3. La culture des enseignants et les programmes de formation initiale à l’enseignement

 

Le moment est venu d’étayer l’hypothèse générale de ce texte, à savoir qu’une véritable culture de la recherche pédagogique n’a pas encore pénétré ni les programmes de formation initiale à l’enseignement ni la culture des enseignants. Nous le ferons en avouant d’abord nos « biais », à partir de notre propre expérience de formateurs d’enseignants depuis une douzaine d’années à l’université. Puis nous examinerons les programmes de formation initiale à l’enseignement sous l’angle de leur contribution au développement d’une culture de la recherche pédagogique et ce, en prenant toujours appui sur notre expérience de formateurs, à laquelle s’ajoute la fonction de directeur de programme de formation initiale à l’enseignement que nous avons assumée au cours des dernières années.

 

Et d’abord nos « biais », qui touchent à la culture des enseignants et de nos étudiants en formation. Ces « biais », on pourrait assez bien les exprimer en disant que la culture des enseignants nous paraît aujourd’hui d’orientation instrumentale ou « technique », « foncièrement scolaire », caractérisée par le pédagogisme[9]. Elle est d’orientation instrumentale ou « technique » au sens où « compte pour elle le comment plus que le quoi et le pourquoi, ou même le pour qui » (Bourgeault, 2005, p. 239). Elle est « foncièrement scolaire » dans la mesure où « les enseignants demeurent des écoliers » (p. 239). Nous le constatons d’ailleurs chaque fois que nous rencontrons des enseignants dans le cadre de journées de formation, qui ont souvent un rapport conflictuel à la théorie, ou lorsque nous parlons à nos étudiants dans le cadre de nos cours, même avec ceux qui sont à la fin de leur formation universitaire : importe avant tout pour eux les consignes pour la préparation des examens, la rédaction du travail de fin de session, le nombre de pages à lire, l’utilité de ces lectures pour enseigner, les exigences liées à la réussite du cours, etc.

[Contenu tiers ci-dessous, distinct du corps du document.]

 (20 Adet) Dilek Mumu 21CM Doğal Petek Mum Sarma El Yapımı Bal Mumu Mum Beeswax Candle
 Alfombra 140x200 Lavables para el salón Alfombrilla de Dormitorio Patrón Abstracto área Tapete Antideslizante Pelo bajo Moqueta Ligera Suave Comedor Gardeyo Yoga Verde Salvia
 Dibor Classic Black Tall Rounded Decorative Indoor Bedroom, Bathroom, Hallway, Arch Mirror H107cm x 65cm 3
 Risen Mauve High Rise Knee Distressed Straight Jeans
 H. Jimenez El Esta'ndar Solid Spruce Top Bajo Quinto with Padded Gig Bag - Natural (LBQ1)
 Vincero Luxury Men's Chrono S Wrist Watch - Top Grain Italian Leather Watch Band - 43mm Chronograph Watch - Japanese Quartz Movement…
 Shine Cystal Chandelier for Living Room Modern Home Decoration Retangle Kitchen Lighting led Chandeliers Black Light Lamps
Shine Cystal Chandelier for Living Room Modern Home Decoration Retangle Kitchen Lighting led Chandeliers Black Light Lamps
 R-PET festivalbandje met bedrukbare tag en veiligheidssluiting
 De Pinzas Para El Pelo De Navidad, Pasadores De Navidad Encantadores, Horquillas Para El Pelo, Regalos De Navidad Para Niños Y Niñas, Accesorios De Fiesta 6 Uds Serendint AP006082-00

Nous sommes toujours surpris de voir à quel point ces étudiants cherchent à coller aux attentes du professeur, comme de bons écoliers ont appris à le faire, mais qu’on ne fait plus quand on a développé une posture critique aux savoirs et à sa formation. Elle est, enfin, caractérisée par le pédagogisme, comme si les transformations profondes dans lesquelles sont engagées nos sociétés, économiques, culturelles et sociopolitiques, ne concernaient pas l’école et l’intervention éducative. Même la pratique de l’analyse réflexive, abondamment pratiquée dans le cadre de la formation pratique en milieu scolaire, et selon ce que nous en rapportent les étudiants, semble enfermée sur l’expérience vécue, la narration et la mise en commun de cette expérience et exclure le moment pourtant central de la configuration dans la recherche pédagogique.

 

On gardera à l’esprit que ce sont des « biais », les nôtres, qui donnent à notre point de vue son aspect partiel, probablement partial. Et c’est toujours ce point de vue qui oriente notre lecture des programmes de formation à l’enseignement au regard du développement d’une culture de la recherche pédagogique. Nous nous en tiendrons ici à cinq remarques.

 

  • Notre première remarque touche à la place et au rôle de la formation fondamentale dans l’élaboration d’une culture de la recherche pédagogique. On a assisté lors de la dernière reconfiguration des programmes de formation initiale à l’enseignement, celle de 2002, à la disparition à peu près complète des cours qui relèvent de ce qu’on appelle au Québec les fondements de l’éducation, qui regroupe les enseignements en philosophie de l’éducation, en histoire des idées, des pratiques pédagogiques et des institutions éducatives. Ces cours sont disparus des programmes en enseignement secondaire de l’Université du Québec à Trois-Rivières[10], et en ce qui concerne l’Université Laval, le seul cours au programme du baccalauréat en enseignement secondaire est optionnel et suivi par une mince proportion d’étudiants inscrits à ce programme. Les étudiants quittent donc l’université avec une connaissance à peu près nulle de la pensée éducative et pédagogique occidentale et sans savoir que bien des pédagogues avant eux se sont mesurés à des problèmes qu’ils ont tenté de mettre en forme et de solutionner. Pourquoi enseigner? À qui doit-on enseigner? Qu’est-ce qui est digne d’être enseigné? Quelles sont les finalités éducatives? Quelles sont les meilleures façons d’enseigner? Comment enseigner à des élèves qui ne veulent pas apprendre? Comment redonner le goût du travail à l’école? Comment vivre avec les autres dans une classe et à l’école? Toutes ces questions, et bien d’autres encore, sont encore très actuelles et se posent pour quiconque enseigne, pour quiconque prétend instruire et éduquer des jeunes. Ces questions ne sont toujours pas résolues et se posent chaque fois que les sociétés se transforment, et l’on n’avancera pas dans la compréhension que nous pouvons en avoir en ignorant la pensée éducative et pédagogique qui nous précède. Dans la perspective du développement d’une culture de la recherche pédagogique, il nous semble que nous devrions lui faire une bien meilleure place.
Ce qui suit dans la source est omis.